Article on Gold Mining in Tanzania co-authored by AC4 Director and EPS Team
“Understanding Environmental, Health and Economic Activity Interactions Following Transition of Ownership in Gold Mining Areas in Tanzania: A Case of Private to Public“ is now available online in Land Use Policy, Volume 79, December 2018, Pages 650-658.
The article presents applied research conducted by the AC4 Environment, Peace and Sustainability Team and is co-authored by Sophia Rhee, Elias Charles Nyanza, Madison Condon, Joshua Fisher, Theresia Maduka, Anja Benshaul-Tolenen.
Mining is an important source of revenue for many developing countries, however, the social, environmental and economic impacts of mining are often poorly monitored.
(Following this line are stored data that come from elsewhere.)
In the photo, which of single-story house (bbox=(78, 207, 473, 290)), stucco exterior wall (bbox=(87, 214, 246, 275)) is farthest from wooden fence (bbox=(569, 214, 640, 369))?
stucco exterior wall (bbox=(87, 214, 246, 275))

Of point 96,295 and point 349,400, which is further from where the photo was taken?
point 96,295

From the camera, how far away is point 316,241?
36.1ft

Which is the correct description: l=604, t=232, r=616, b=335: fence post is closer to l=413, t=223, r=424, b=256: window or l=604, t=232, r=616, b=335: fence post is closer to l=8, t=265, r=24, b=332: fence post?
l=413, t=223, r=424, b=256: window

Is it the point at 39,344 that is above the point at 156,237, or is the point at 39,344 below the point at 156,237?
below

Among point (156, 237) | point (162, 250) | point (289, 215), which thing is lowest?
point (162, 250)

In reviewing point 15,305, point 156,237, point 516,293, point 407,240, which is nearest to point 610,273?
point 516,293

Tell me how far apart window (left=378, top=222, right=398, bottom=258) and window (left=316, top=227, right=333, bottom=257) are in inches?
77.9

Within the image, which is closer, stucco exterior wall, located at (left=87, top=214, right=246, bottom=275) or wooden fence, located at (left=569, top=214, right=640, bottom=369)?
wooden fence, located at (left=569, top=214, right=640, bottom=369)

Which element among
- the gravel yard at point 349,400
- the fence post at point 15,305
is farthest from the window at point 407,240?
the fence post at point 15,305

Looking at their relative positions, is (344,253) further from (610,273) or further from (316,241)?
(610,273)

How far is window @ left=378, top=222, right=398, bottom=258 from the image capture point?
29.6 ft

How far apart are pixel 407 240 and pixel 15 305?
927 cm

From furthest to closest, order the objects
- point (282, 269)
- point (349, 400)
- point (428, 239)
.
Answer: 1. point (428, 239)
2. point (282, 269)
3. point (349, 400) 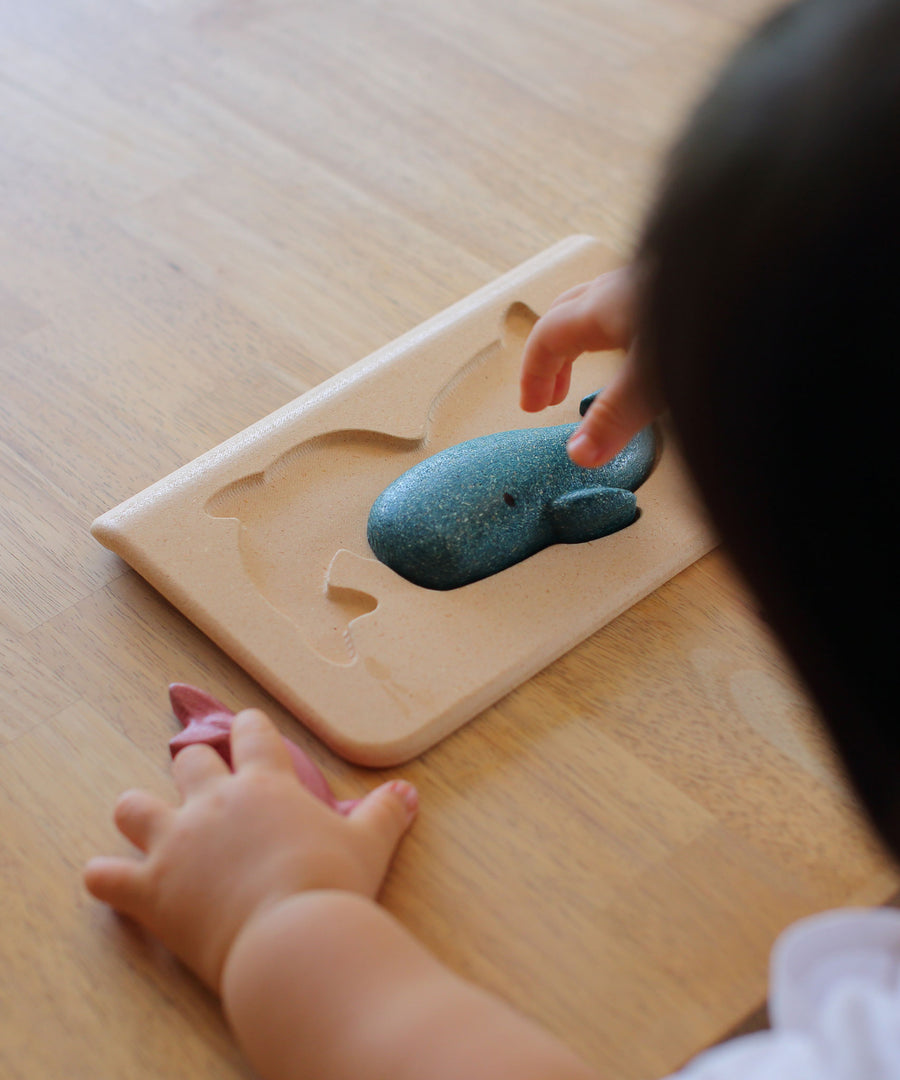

The recent transition of a gold mine in Western Tanzania—from large-scale gold mine under private, multinational ownership, to medium-scale public and national owned mine with limited life length offers a prime opportunity to understand the implications of changes in ownership and scale on the local economy and community well-being. We conducted 44 semi-structured interviews with community members in four villages adjacent to the mine site. We find that the local economy and public service provision contracted in response to the mine transition and downscaling, with ramifications for food security and healthcare access. Community members also highlighted the lack of information surrounding the mine transformation. This illustrates that considering the post-transition phase of large-scale mines is important for providing long run sustainable livelihood strategies in mining communities.